Polyethylene glycol bowel preparation does not eliminate the risk of acute renal failure: a population-based case-crossover study.Endoscopy. 2013; 45(3):208-13.E
BACKGROUND AND STUDY AIMS
Polyethylene glycol (PEG) bowel preparations are regarded as effective and safe for colonoscopy; however, recent reports have indicated a risk of acute renal failure (ARF). This population-based case-crossover study evaluated the association between PEG and ARF in screening colonoscopy patients aged ≥ 50 years.
PATIENTS AND METHODS
Korean Health Insurance Review and Assessment Service (HIRA) claims data from 1 January 2005 to 31 December 2009 were used in the study. The study population consisted of patients aged ≥ 50 years who were first hospitalized for ARF following colonoscopy involving PEG bowel preparation. For each patient, PEG use in a 1-, 2-, or 4-week period prior to the first hospital admission date for ARF (hazard period) was compared with PEG use in four earlier 1-, 2-, or 4-week control periods. Conditional logistic regression analysis was used to estimate odds ratios (ORs) and 95 % confidence intervals (CIs), adjusting for concomitant medications that could induce ARF.

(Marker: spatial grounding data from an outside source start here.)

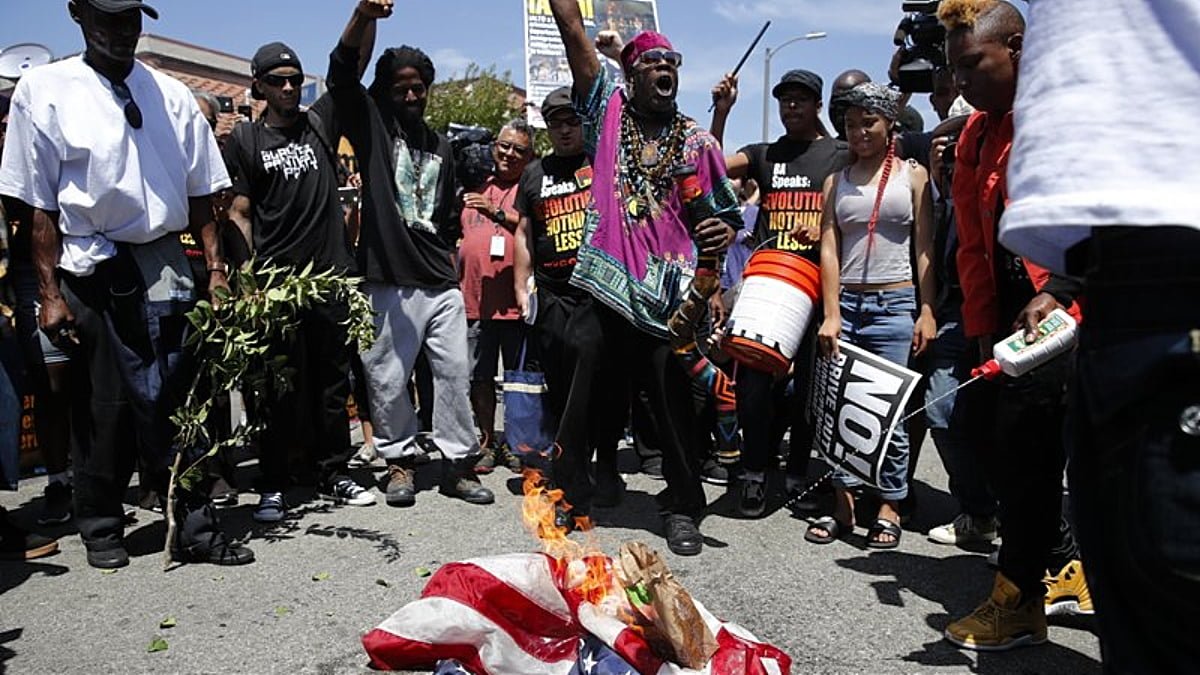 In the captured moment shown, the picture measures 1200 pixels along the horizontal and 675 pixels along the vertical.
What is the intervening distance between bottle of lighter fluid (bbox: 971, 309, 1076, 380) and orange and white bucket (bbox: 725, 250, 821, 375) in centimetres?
184

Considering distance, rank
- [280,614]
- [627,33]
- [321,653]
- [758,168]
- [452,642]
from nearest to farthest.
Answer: [452,642], [321,653], [280,614], [758,168], [627,33]

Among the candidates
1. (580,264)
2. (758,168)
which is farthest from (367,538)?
(758,168)

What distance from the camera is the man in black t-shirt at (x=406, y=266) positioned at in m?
5.18

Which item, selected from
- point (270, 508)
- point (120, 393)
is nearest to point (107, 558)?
point (120, 393)

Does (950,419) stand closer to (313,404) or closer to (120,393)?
(313,404)

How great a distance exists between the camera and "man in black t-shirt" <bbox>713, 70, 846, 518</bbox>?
5121 mm

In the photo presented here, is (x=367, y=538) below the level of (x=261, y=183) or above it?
below

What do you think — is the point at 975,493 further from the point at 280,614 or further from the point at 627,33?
the point at 627,33

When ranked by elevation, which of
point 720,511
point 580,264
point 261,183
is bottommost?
point 720,511

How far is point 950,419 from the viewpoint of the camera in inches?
177

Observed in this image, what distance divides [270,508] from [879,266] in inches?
135

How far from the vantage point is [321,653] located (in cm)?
329

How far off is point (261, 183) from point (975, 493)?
4087 mm

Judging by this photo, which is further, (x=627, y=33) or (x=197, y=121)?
(x=627, y=33) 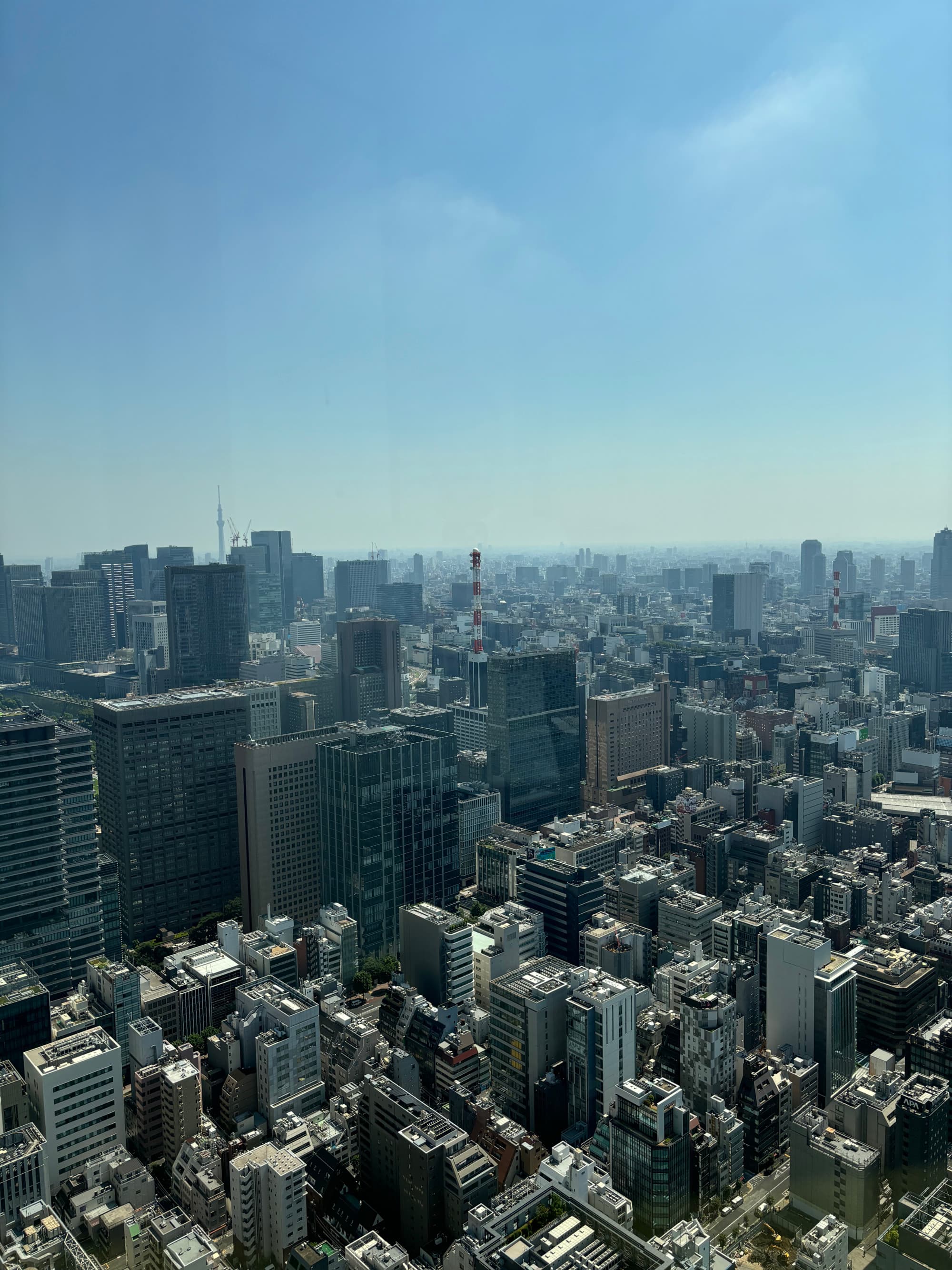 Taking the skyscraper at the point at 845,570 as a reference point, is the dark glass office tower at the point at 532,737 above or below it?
below

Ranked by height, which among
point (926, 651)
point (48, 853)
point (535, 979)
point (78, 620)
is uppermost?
point (78, 620)

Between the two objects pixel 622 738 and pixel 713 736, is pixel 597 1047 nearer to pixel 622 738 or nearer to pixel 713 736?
pixel 622 738

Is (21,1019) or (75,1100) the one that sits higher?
(21,1019)

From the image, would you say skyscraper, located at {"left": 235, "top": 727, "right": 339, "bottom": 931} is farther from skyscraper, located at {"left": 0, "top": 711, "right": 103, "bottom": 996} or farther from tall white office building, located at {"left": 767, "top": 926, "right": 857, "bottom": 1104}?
tall white office building, located at {"left": 767, "top": 926, "right": 857, "bottom": 1104}

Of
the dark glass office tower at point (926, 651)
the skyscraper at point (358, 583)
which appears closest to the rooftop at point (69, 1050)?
the skyscraper at point (358, 583)

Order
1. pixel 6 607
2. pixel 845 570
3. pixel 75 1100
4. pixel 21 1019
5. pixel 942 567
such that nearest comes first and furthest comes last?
pixel 75 1100
pixel 21 1019
pixel 6 607
pixel 942 567
pixel 845 570

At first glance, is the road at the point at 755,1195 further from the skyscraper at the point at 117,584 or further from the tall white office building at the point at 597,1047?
the skyscraper at the point at 117,584

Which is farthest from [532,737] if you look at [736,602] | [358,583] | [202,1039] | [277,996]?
[736,602]

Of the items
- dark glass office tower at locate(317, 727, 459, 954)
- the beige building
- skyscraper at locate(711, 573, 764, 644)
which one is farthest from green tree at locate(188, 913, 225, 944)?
skyscraper at locate(711, 573, 764, 644) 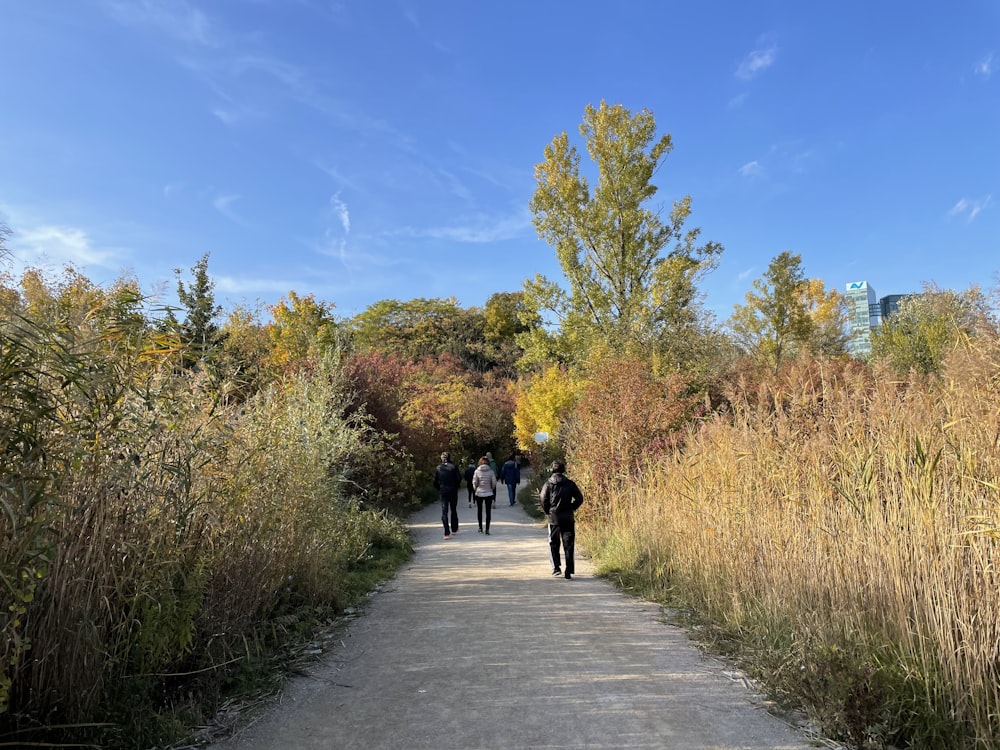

The total number of study patients was 1064 (59 % were male). A greater proportion of patients used PEG during the hazard period than during the control periods (for 4-week time window: 8.8 % vs. 3.2 %). The adjusted ORs for ARF incidence when applying the 1-, 2-, and 4-week periods were 3.1 (95 %CI 2.06 - 4.73), 2.5 (95 %CI 1.76 - 3.53), and 2.1 (95 %CI 1.61 - 4.85), respectively.
The use of PEG was associated with the risk of ARF. Adequate hydration and renal function monitoring should be assured before and after colonoscopy, regardless of the bowel preparation regimen used.